··· Dataset records

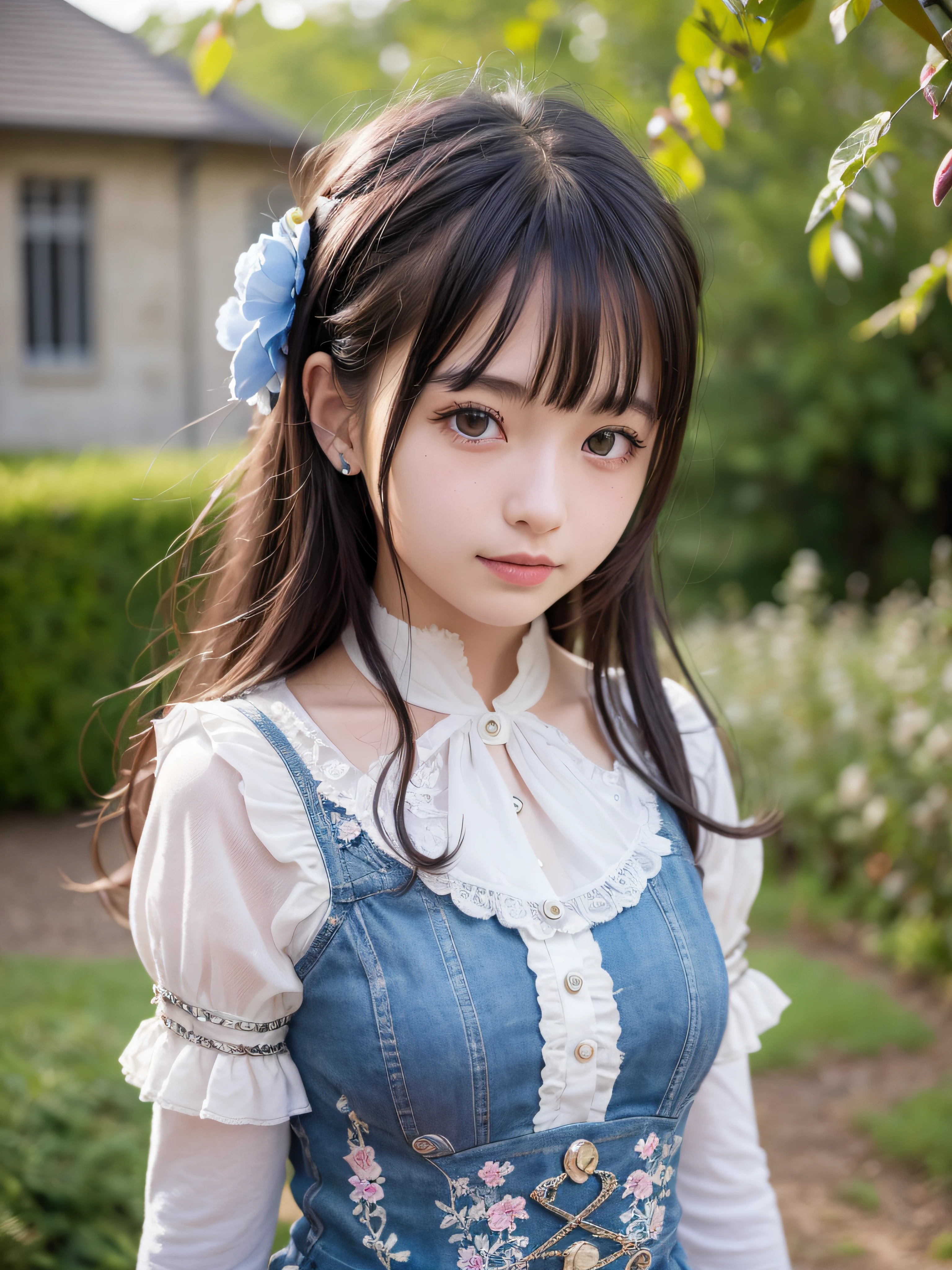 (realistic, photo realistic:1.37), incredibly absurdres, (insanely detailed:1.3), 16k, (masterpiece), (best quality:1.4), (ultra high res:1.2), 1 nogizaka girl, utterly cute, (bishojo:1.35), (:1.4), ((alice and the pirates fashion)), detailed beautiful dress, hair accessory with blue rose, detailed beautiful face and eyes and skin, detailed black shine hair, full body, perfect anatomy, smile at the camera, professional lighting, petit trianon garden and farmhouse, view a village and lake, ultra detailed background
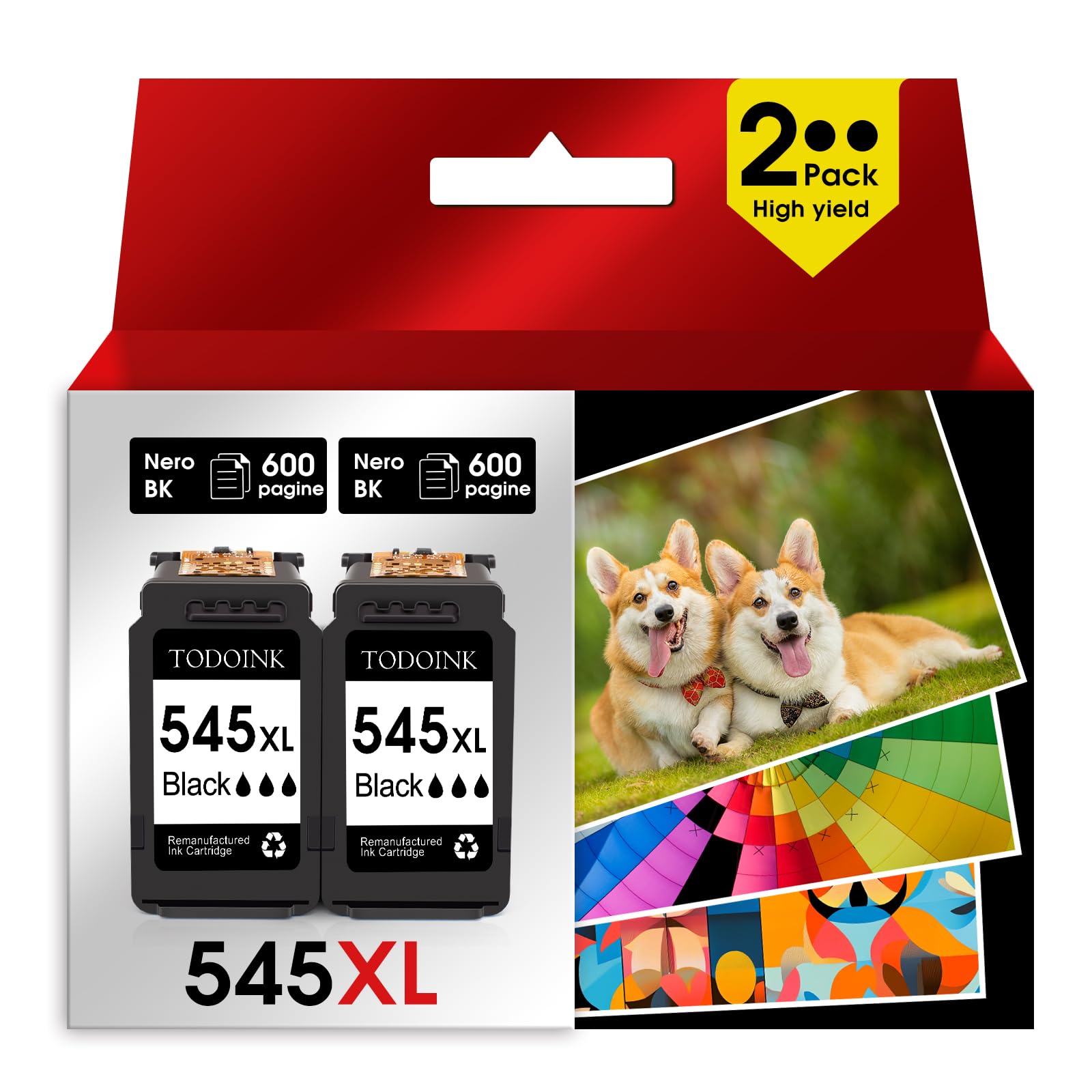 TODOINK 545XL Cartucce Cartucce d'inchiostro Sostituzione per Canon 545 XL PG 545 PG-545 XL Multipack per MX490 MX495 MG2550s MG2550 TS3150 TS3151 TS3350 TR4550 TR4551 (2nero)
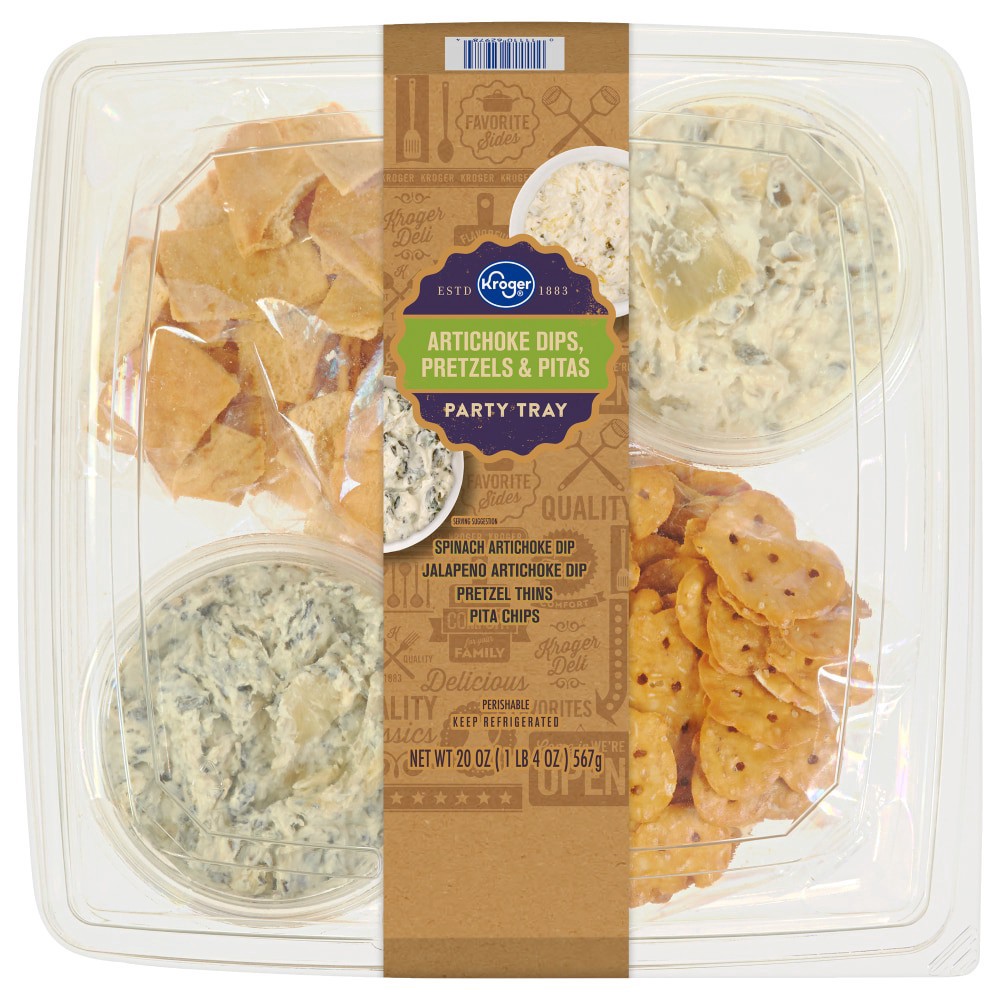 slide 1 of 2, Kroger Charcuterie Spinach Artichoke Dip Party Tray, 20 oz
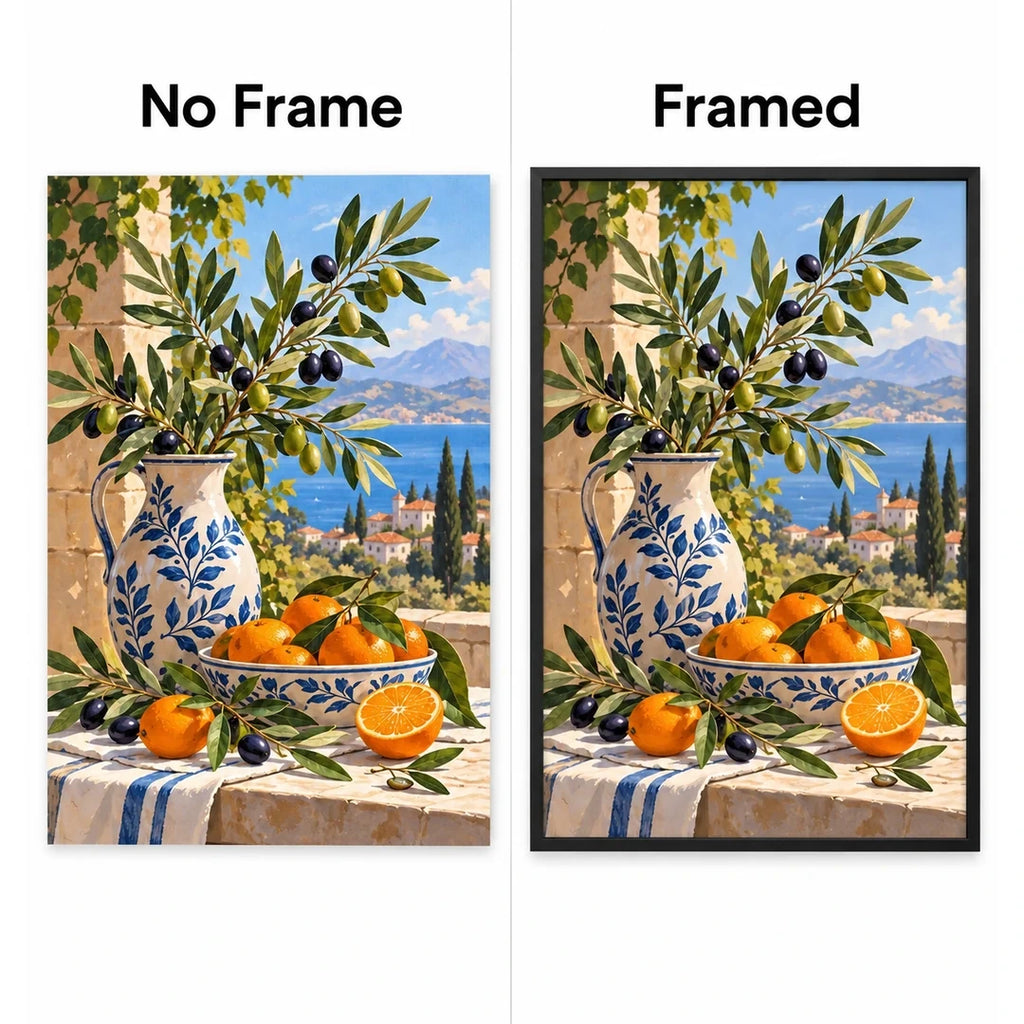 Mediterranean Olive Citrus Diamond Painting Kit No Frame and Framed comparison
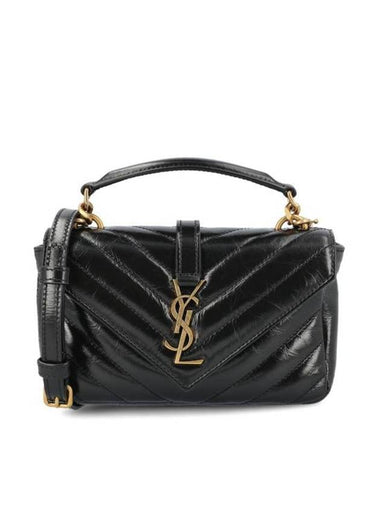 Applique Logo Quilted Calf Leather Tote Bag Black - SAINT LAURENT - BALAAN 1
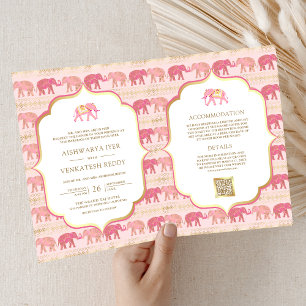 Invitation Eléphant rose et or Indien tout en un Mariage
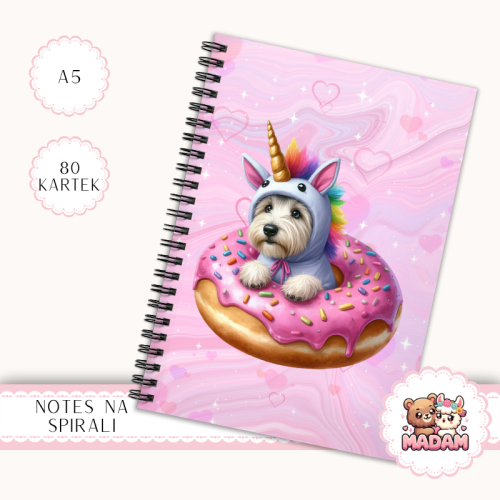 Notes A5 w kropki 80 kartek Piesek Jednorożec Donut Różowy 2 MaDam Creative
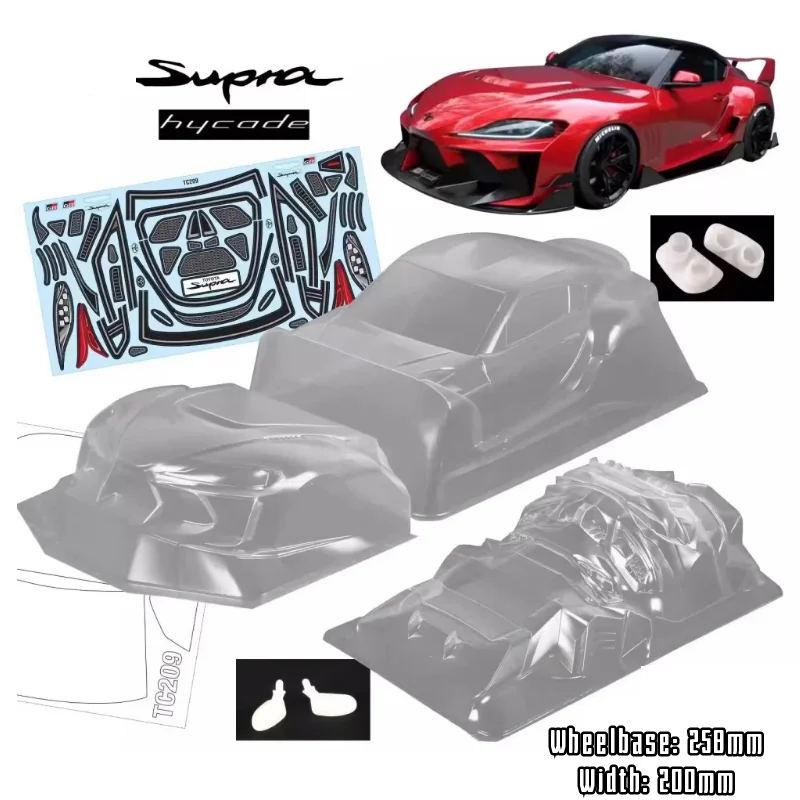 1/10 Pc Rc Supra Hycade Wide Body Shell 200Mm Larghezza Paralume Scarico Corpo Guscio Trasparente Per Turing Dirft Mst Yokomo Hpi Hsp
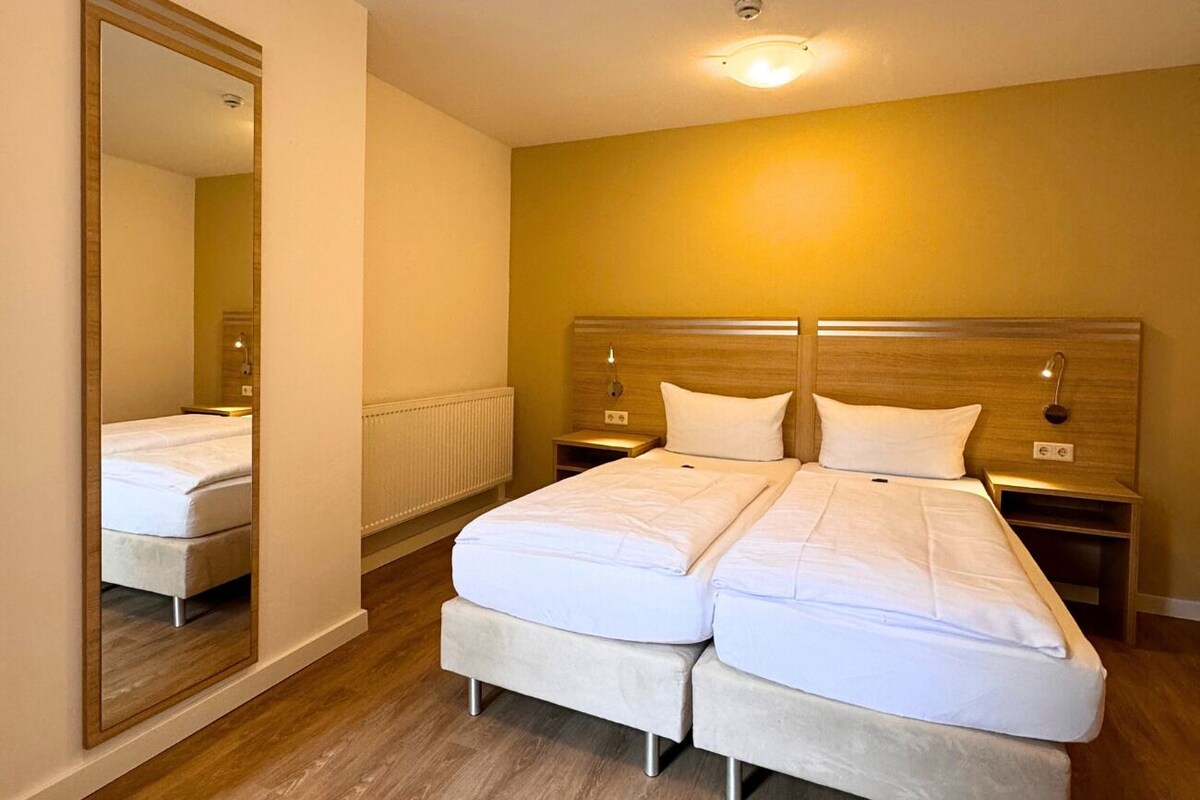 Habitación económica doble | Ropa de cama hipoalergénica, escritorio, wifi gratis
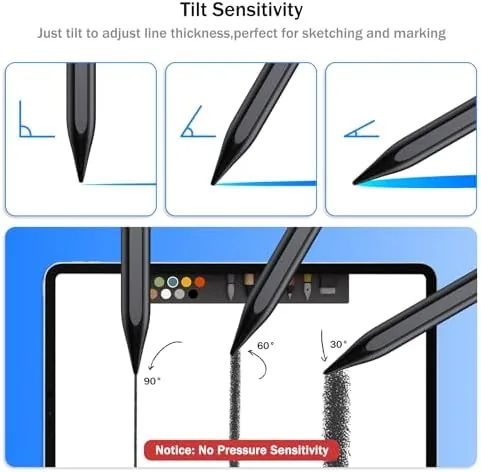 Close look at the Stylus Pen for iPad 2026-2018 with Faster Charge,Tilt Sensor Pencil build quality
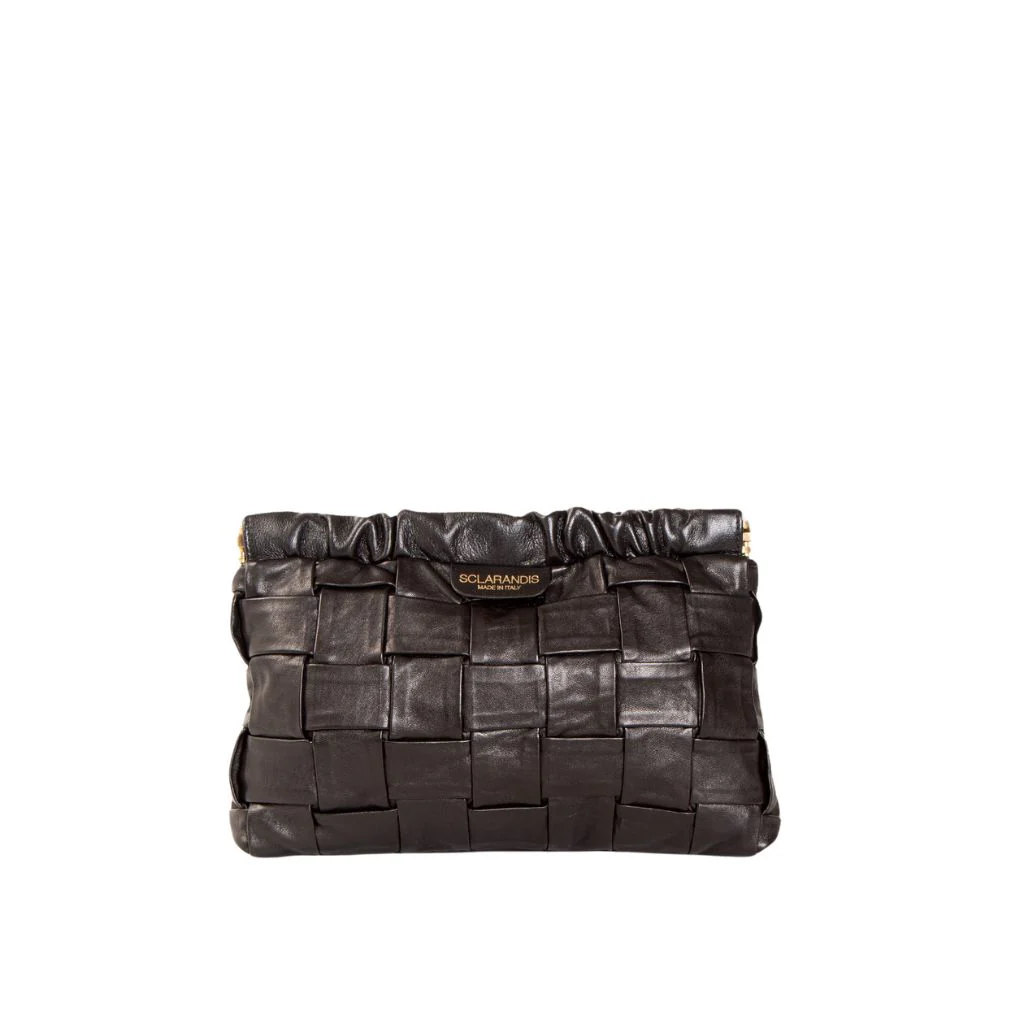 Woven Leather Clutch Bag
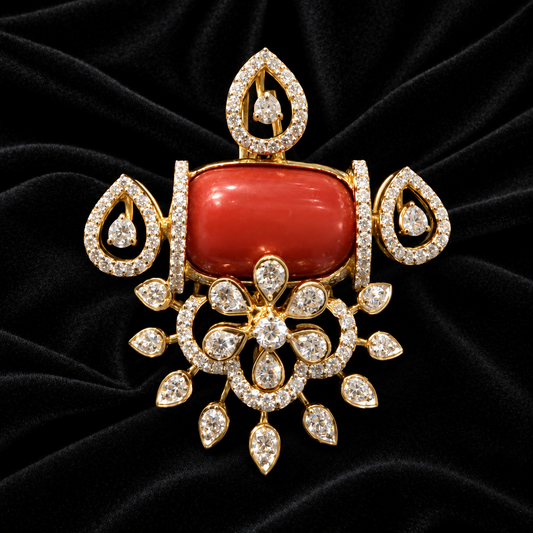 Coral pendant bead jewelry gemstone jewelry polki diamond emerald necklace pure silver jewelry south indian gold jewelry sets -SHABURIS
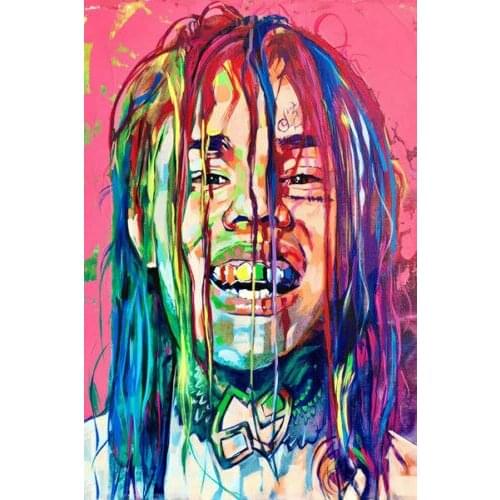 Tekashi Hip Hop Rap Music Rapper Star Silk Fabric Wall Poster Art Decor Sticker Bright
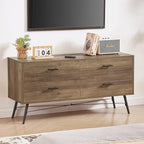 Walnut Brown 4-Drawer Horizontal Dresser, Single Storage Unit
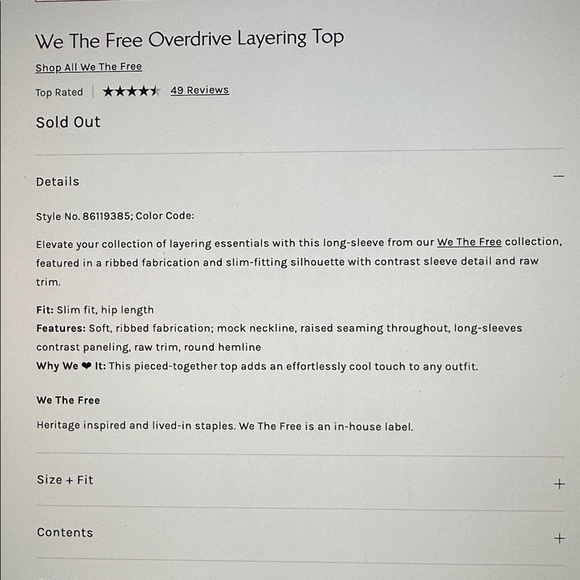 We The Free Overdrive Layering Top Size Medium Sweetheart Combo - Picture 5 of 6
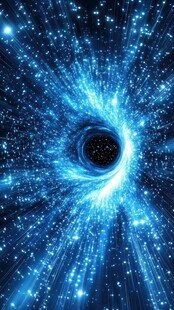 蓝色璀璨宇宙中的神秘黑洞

······

**The problem**
Produce a word-for-word version of the material, with no pictures included.

**Result of the exercise**
 (realistic, photo realistic:1.37), incredibly absurdres, (insanely detailed:1.3), 16k, (masterpiece), (best quality:1.4), (ultra high res:1.2), 1 nogizaka girl, utterly cute, (bishojo:1.35), (:1.4), ((alice and the pirates fashion)), detailed beautiful dress, hair accessory with blue rose, detailed beautiful face and eyes and skin, detailed black shine hair, full body, perfect anatomy, smile at the camera, professional lighting, petit trianon garden and farmhouse, view a village and lake, ultra detailed background
 TODOINK 545XL Cartucce Cartucce d'inchiostro Sostituzione per Canon 545 XL PG 545 PG-545 XL Multipack per MX490 MX495 MG2550s MG2550 TS3150 TS3151 TS3350 TR4550 TR4551 (2nero)
 slide 1 of 2, Kroger Charcuterie Spinach Artichoke Dip Party Tray, 20 oz
 Mediterranean Olive Citrus Diamond Painting Kit No Frame and Framed comparison
 Applique Logo Quilted Calf Leather Tote Bag Black - SAINT LAURENT - BALAAN 1
 Invitation Eléphant rose et or Indien tout en un Mariage
 Notes A5 w kropki 80 kartek Piesek Jednorożec Donut Różowy 2 MaDam Creative
 1/10 Pc Rc Supra Hycade Wide Body Shell 200Mm Larghezza Paralume Scarico Corpo Guscio Trasparente Per Turing Dirft Mst Yokomo Hpi Hsp
 Habitación económica doble | Ropa de cama hipoalergénica, escritorio, wifi gratis
 Close look at the Stylus Pen for iPad 2026-2018 with Faster Charge,Tilt Sensor Pencil build quality
 Woven Leather Clutch Bag
 Coral pendant bead jewelry gemstone jewelry polki diamond emerald necklace pure silver jewelry south indian gold jewelry sets -SHABURIS
 Tekashi Hip Hop Rap Music Rapper Star Silk Fabric Wall Poster Art Decor Sticker Bright
 Walnut Brown 4-Drawer Horizontal Dresser, Single Storage Unit
 We The Free Overdrive Layering Top Size Medium Sweetheart Combo - Picture 5 of 6
 蓝色璀璨宇宙中的神秘黑洞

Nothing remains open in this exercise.